» Directions:
Copy exactly. Include the line containing "ELEMENT エレメント ジップアップ", every line after it, and the last line below, but no pictures.

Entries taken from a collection
+++

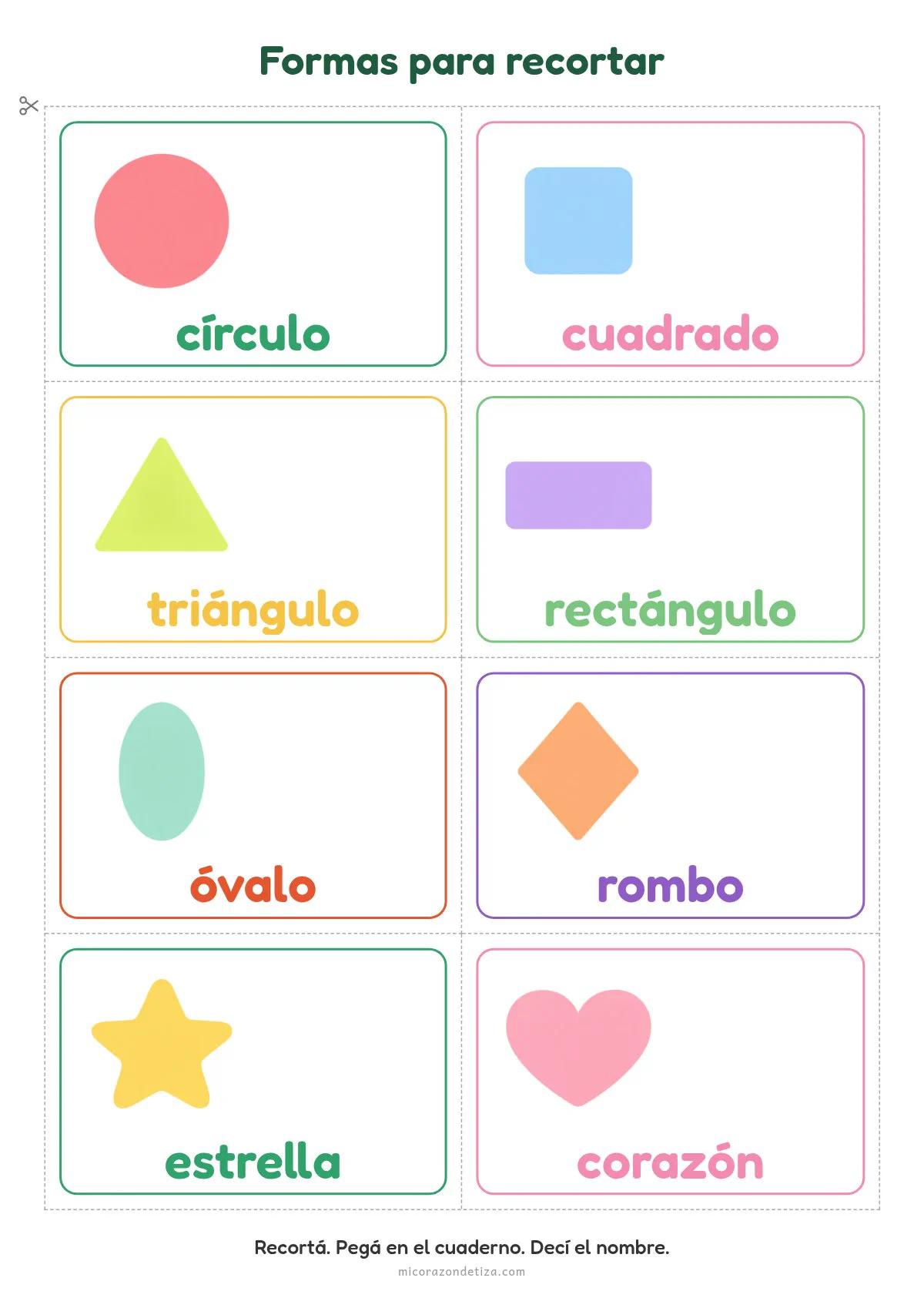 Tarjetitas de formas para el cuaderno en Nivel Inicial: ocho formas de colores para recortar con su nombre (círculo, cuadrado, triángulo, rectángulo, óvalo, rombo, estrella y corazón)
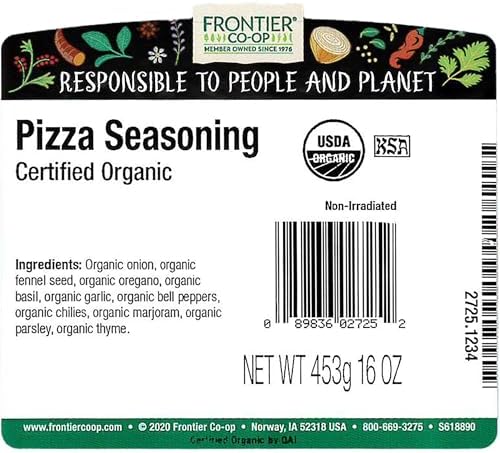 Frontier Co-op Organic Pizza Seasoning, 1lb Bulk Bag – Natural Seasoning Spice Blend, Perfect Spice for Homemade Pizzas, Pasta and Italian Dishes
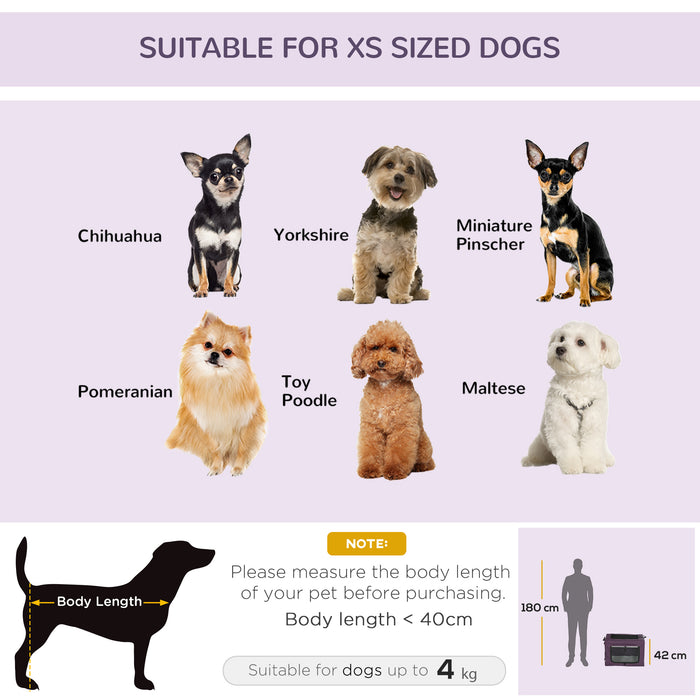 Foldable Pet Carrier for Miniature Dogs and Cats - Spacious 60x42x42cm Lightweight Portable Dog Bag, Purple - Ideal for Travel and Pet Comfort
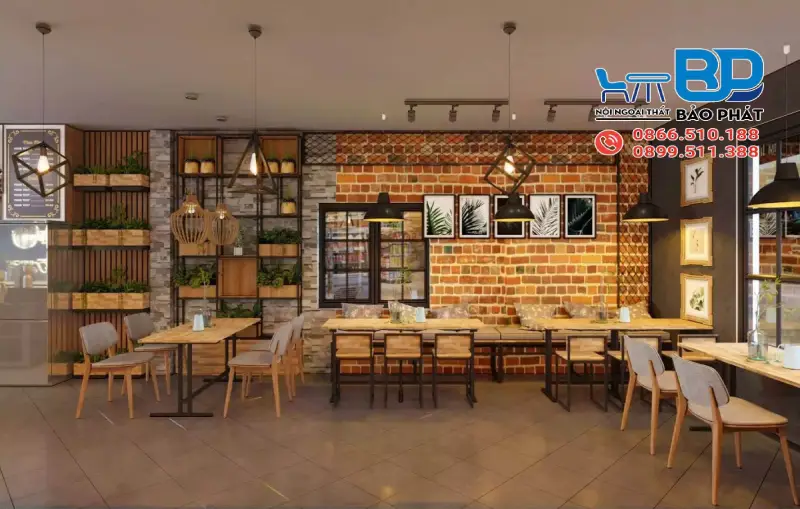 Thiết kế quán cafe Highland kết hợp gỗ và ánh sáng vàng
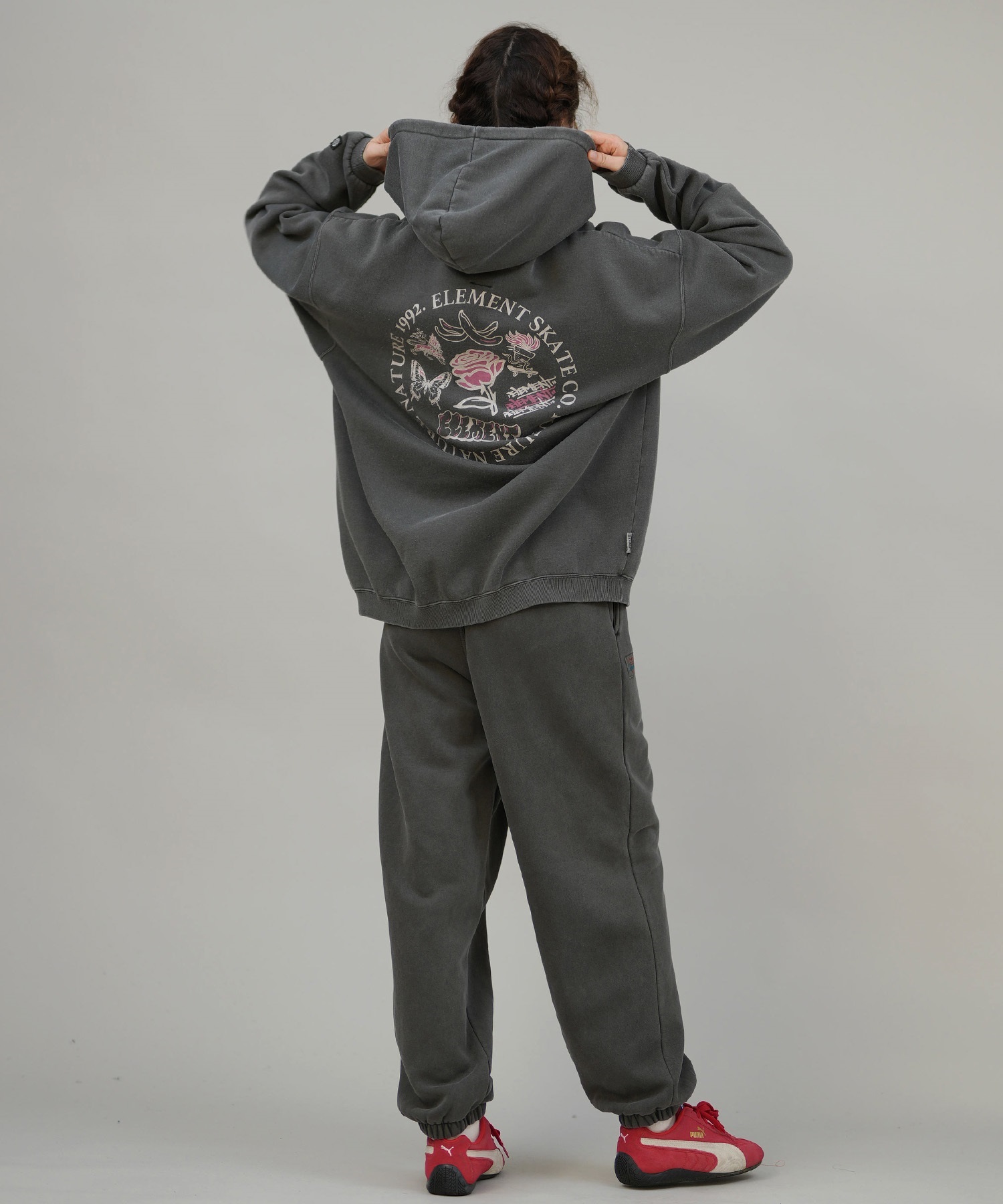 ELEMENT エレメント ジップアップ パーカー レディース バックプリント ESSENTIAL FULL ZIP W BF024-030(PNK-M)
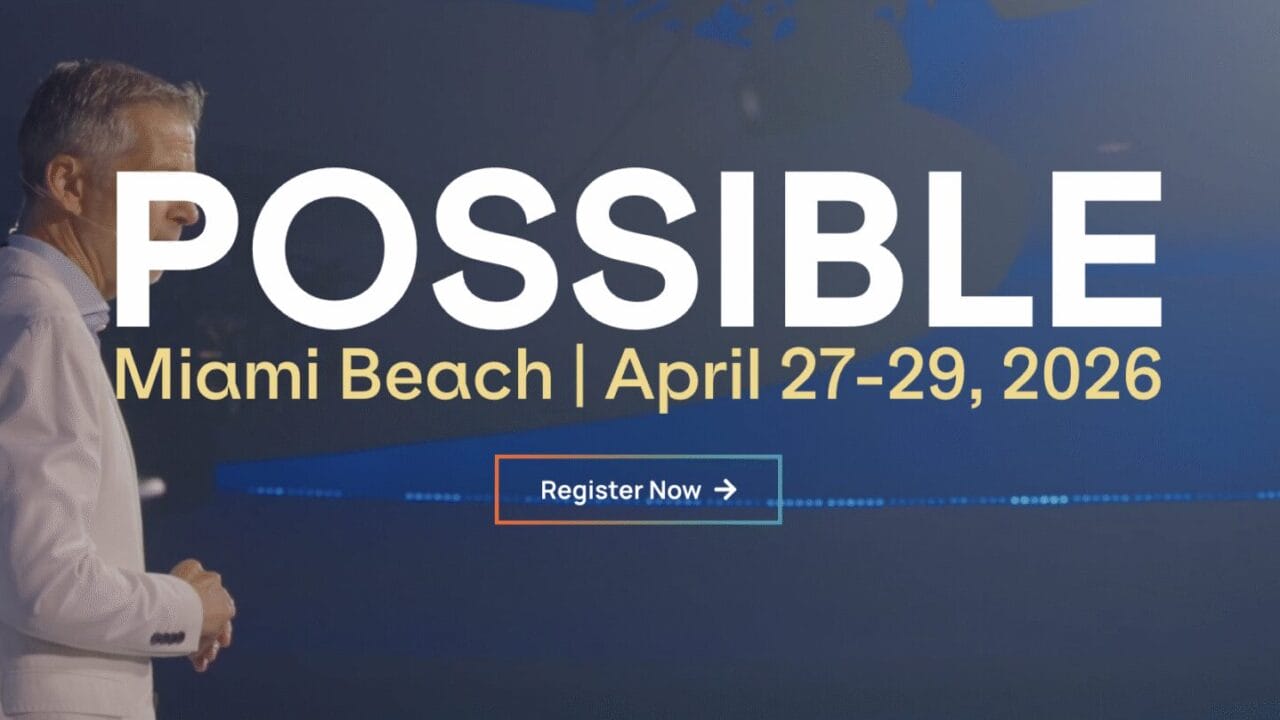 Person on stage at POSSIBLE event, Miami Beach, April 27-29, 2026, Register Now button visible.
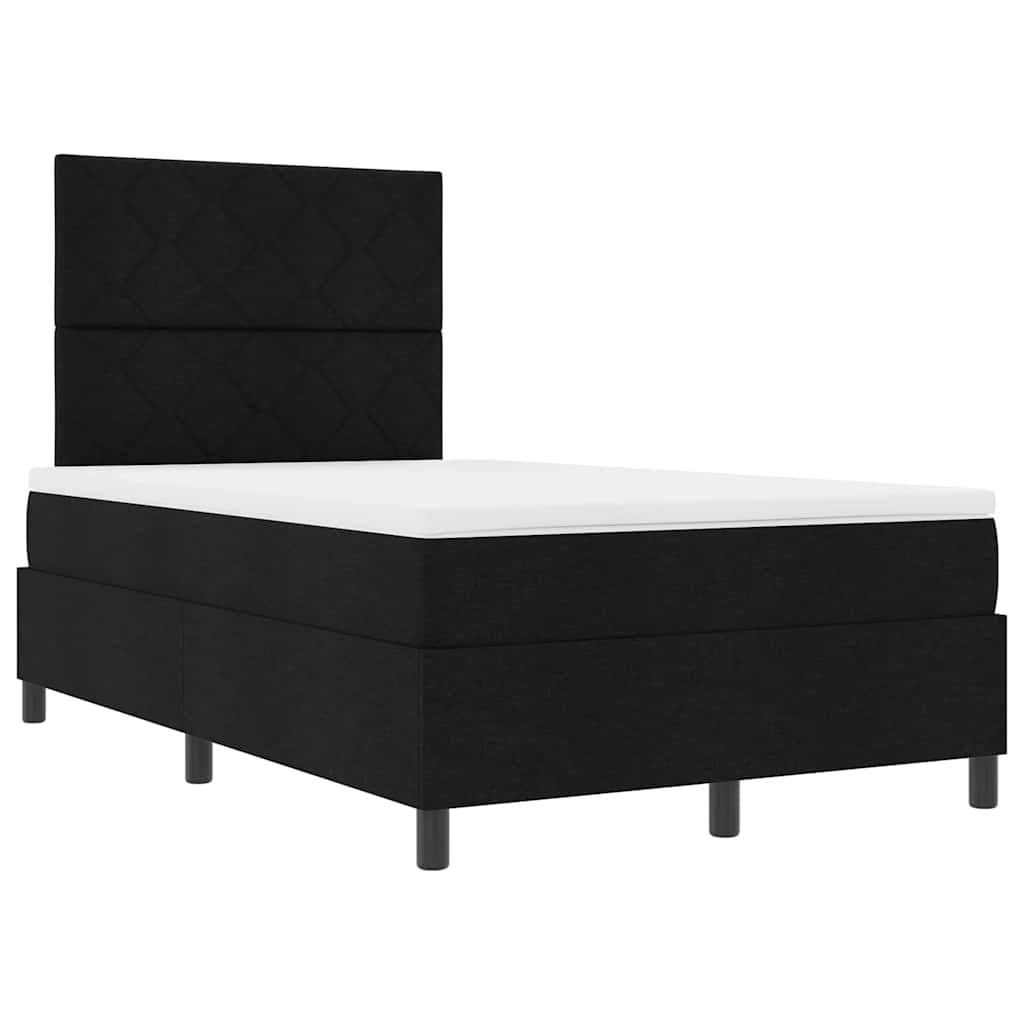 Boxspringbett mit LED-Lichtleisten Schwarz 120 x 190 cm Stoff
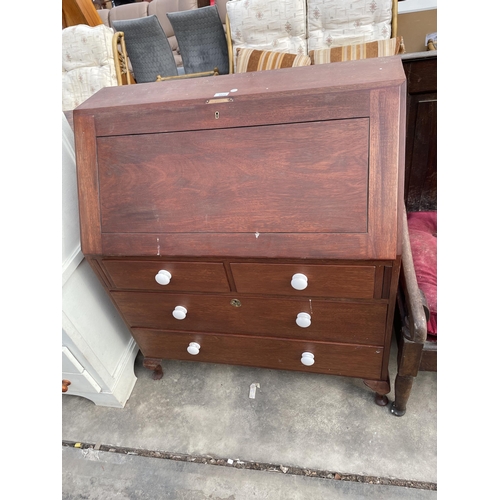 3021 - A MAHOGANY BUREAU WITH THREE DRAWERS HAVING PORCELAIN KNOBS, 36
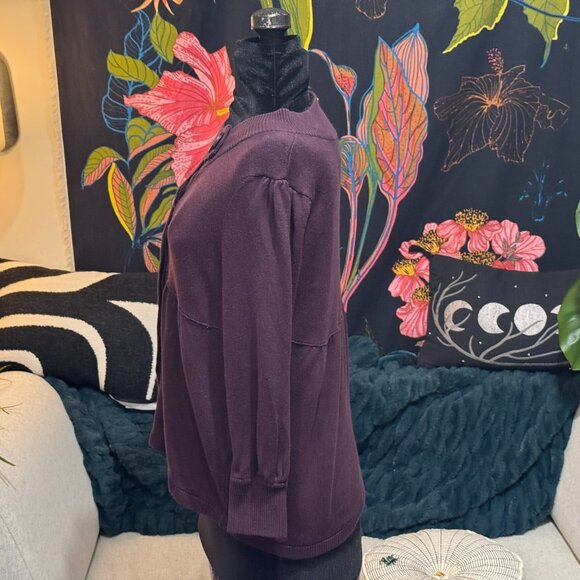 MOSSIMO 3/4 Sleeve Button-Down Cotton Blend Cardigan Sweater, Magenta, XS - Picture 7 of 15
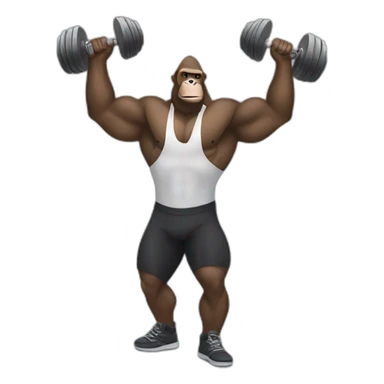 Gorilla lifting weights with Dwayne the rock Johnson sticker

+++

» Written reply:
 ELEMENT エレメント ジップアップ パーカー レディース バックプリント ESSENTIAL FULL ZIP W BF024-030(PNK-M)
 Person on stage at POSSIBLE event, Miami Beach, April 27-29, 2026, Register Now button visible.
 Boxspringbett mit LED-Lichtleisten Schwarz 120 x 190 cm Stoff
 3021 - A MAHOGANY BUREAU WITH THREE DRAWERS HAVING PORCELAIN KNOBS, 36
 MOSSIMO 3/4 Sleeve Button-Down Cotton Blend Cardigan Sweater, Magenta, XS - Picture 7 of 15
 Gorilla lifting weights with Dwayne the rock Johnson sticker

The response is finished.